For Americans who don't have a bank account or a credit card, shopping for a chair or a computer they need can quickly turn into an exercise in humiliation.
The misconception of being unbanked can make it stressful to ask a sales associate who is guiding them around the store whether alternative options are available. Then come the application forms, followed by an anxious wait to see if the store can issue
credit. Customers who receive a rejection end up doubly demoralized—and still in need.
For brick and mortar retailers, who were already hit hard by online shopping before the COVID-19 pandemic arrived in North America, losing a sale to customers who can pay given the right solution is equally galling.
After seeing the GDP drop more precipitously in Q2 and Q3 2020 than during any recession on record, solving this gap for unbanked and underbanked consumers will be critical in restarting the retail industry. It will require a combination of technological
innovation, creative approaches to payment alternatives, and an acknowledgement of the size and shopping power of underserved consumer markets.
The size of this segment is massive. According to the findings from the FDIC's 2019 survey of Household Use of Banking and Financial Services, which the commission published in October 2020, 66 million American adults--more than one in five--are unbanked
The 5.4 percent of Americans living in an unbanked household have no checking or savings account, as well as no access to credit cards. Another 16 percent, considered underbanked, may have a bank account but still rely on other financial services such as
check-cashing loans. Given the spike in job losses the United States has seen since March 2020, the FDIC warned, "The COVID-19 pandemic is likely to contribute to a rise in the rate of unbanked households."
Americans who make less than $40,000 a year are more likely to be unbanked or underbanked. There are higher numbers of unbanked and underbanked among those who have less education, a disability, or an income that fluctuates. According to the FDIC survey,
almost 50 percent of unbanked individuals said they don't have an account because they can't meet the minimum balances most banks have established.

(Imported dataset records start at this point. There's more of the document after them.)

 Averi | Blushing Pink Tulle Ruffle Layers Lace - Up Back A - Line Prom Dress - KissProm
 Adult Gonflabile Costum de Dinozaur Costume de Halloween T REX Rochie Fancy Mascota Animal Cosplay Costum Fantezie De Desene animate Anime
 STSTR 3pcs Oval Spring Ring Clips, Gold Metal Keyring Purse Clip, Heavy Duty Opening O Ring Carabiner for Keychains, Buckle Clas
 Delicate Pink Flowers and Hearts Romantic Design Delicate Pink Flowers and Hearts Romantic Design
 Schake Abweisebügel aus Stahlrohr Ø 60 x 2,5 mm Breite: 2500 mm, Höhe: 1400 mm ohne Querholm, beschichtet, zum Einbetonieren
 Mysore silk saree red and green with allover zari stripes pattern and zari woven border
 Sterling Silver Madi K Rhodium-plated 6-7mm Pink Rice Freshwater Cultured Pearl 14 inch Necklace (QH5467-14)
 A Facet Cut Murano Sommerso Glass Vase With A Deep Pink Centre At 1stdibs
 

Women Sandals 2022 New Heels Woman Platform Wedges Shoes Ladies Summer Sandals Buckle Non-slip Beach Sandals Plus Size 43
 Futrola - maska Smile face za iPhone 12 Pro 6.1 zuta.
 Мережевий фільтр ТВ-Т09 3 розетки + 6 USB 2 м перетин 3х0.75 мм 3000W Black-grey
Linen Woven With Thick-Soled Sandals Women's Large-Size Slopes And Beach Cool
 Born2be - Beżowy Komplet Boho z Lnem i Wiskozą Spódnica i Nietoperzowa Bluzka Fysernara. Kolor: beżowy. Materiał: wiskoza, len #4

Yet, these 66 million Americans still require household, electronic, and everyday goods for their daily lives to operate smoothly and their children to attend school. Fortunately, there's one resource many unbanked and underbanked people do have: mobile
phones, the essential communication tool of our age. Why is this form factor not being used to empower such a vast segment of American consumers?
According to a 2019 Pew Research Center report, 81% of Americans now own a smartphone—and that proportion is only slightly lower (71%) among people who make less than $30,000 a year. One in four low-income Americans, in fact, have neither desktop computers
nor internet service, so they exclusively rely on their smartphone to check the news, read important communications, and shop online.
We've seen a surge in innovative mobile-based financial solutions designed specifically for the unbanked and underbanked market across the world. With M-Pesa, Kenyans can make deposits and withdrawals by texting the bank before meeting a live representative
who accepts and disperses cash. GMobi allows unbanked Indians to use Oxymoney, its mobile wallet product, to top up their data and make money transfers. In the United States, peer-to-peer lending providers have traditionally rebuffed the unbanked, but that
isn't the case in countries like Indonesia.
In the United States, the call to make creative, mobile-based financial services similar to M-Pesa and Oxymoney for unbanked and underbanked people is growing. New technologies have made mobile banking and payments more secure, intuitive, and less costly
for financial institutions and customers. Mobile devices offer the unbanked the same portability, discretion, and ease of use that banked consumers take for granted. That said, these solutions fall short of providing these consumers with buying power to make
the larger essential purchases their households require.
It's not enough to give this underserved group of consumers greater financial services. If individuals can afford the items they want and already possess the technological tools they need, all fintech providers need is to create opportunities for retailers
to reach this massive consumer base. Instead, greater focus needs to be turned on leveraging a combination of smartphones, payment networks, and AI-based decisioning to reimagine proven models that empower consumers and improve their quality of life without
risking their credit, such as lease-to-own, subscriptions, and rentals.
Additionally, we must increase our efforts to integrate digital and peer-to-peer payment services into POS systems at brick-and-mortar locations. Use of both forms of digital payments have surged since the pandemic began, the Kansas City Fed recently reported,
primarily because it compelled more people to shop online.
Customers without bank accounts are already using both digital payment systems. For example, PayPal has already established a network of retail stores that accept cash and transfer it to a customer's account, allowing him or her to shop online. Peer-to-peer
payments can be linked to prepaid cards issued by employers or government agencies. More and more online vendors are starting to accept peer-to-peer payments. So are a handful of traditional retailers such as CVS.
As this country begins to look forward to economic recovery, retailers will need to approach their business in innovative ways to recapture their customer base and pivot to serve a post-COVID-19 economy. As a society, we need to invest in creative solutions
that remove the financial roadblocks keeping 66 million Americans from participating in this recovery.